The 19-year-old man was among fans returning from Nuremberg's 4-0 loss at Schalke on Saturday when they became involved in a conflict with Mainz supporters at Cologne train station. He is thought to have fallen in front of an oncoming high-speed train. Emergency surgery failed to save his right arm.

A woman was injured recently in a similar incident after heavy clashes in Frankfurt at another German Cup game.

Nuremberg director Martin Bader said clubs were concerned with "the nationwide developments."

"Anyone that feels a bond with football wants peaceful football occasions in and around German stadiums. Sport should be the focus of attention in every rivalry," Bader said.

Interior Minister Hans-Peter Friedrich, whose portfolio includes sports, said clubs should work with their fans more closely.

"We want the clubs to try harder to keep violence-prone fans from stadiums," Friedrich told the German news agency dapd.
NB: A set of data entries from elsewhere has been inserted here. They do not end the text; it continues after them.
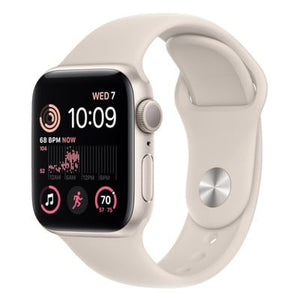 Apple Watch SE2 (GPS, 40mm) Starlight Aluminium Case + Starlight Strap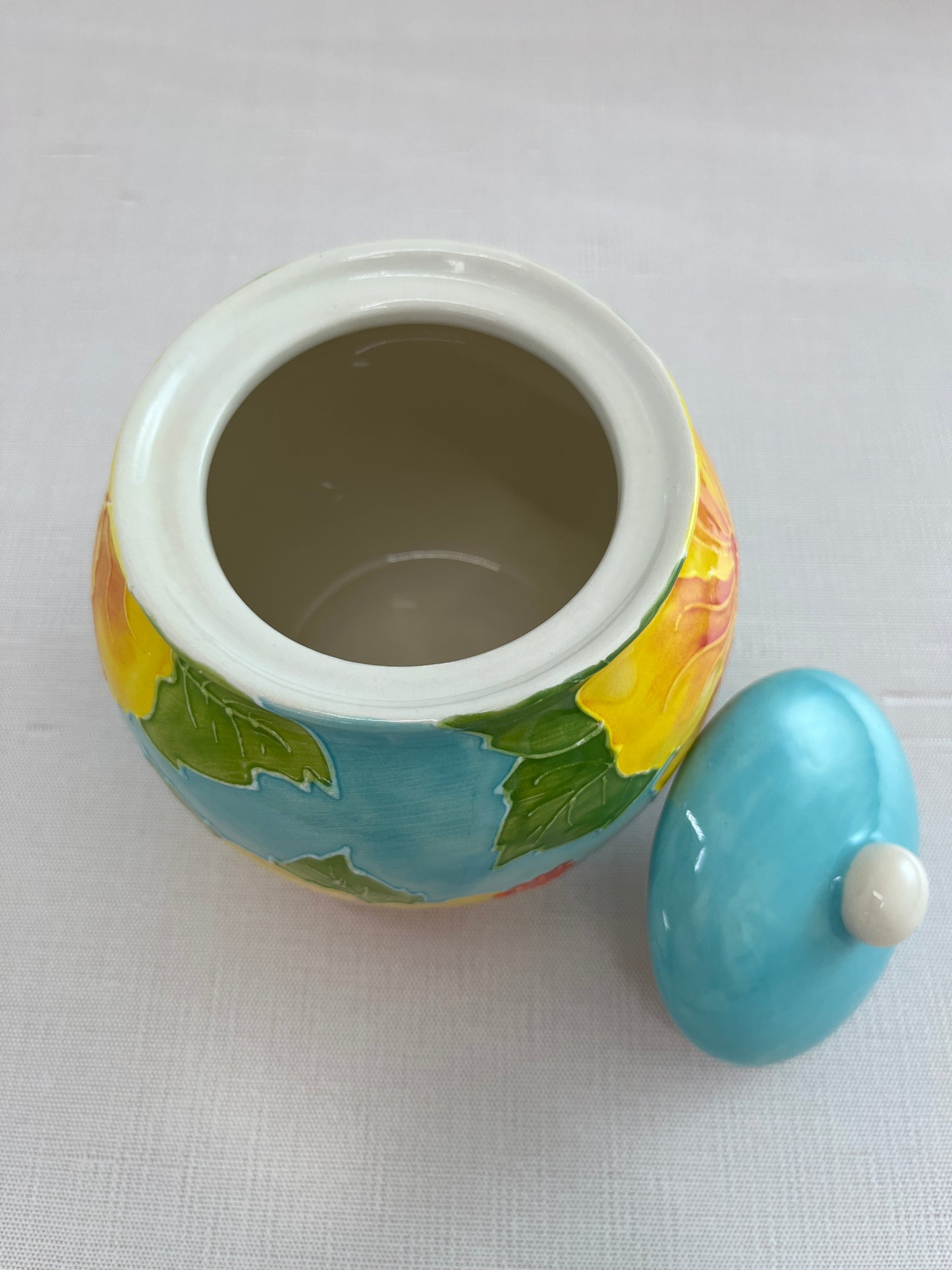 Hibiscus Traditional Sugar Pot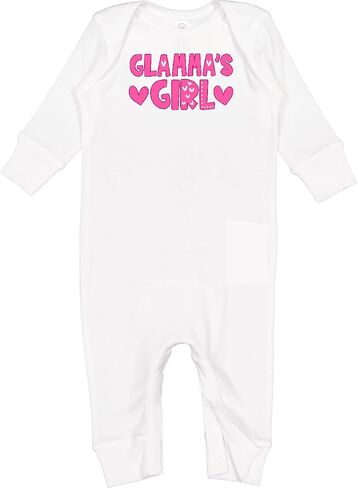 inktastic Glamma's Girl Gift Baby Romper Coveralls in Kuwait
All professional clubs in Germany have officials in charge of taking care of the fans.

Sports scientist and researcher Gunter Pilz said the fans themselves have to do more to flush the rowdies from their ranks.

While dealing with violence, the DFB also has been rocked by a tax probe and the suicide attempt of one of its top referees.

Babak Rafati was found bleeding in his hotel bathtub two hours before he was due to take charge of a game between Cologne and Mainz last Saturday.

Rafati's lawyer says his 41-year-old client was suffering from depression, the latest football personality to acknowledge publicly be affected by the illness since the suicide of Hannover goalkeeper Robert Enke two years ago. Several players and former Schalke coach Ralf Rangnick have sought treatment recently.

Lawyer Sven Menke said that "growing pressure to perform for him as a referee and the media pressure linked to that — in combination with the constant fear of making mistakes — became a bigger and bigger burden."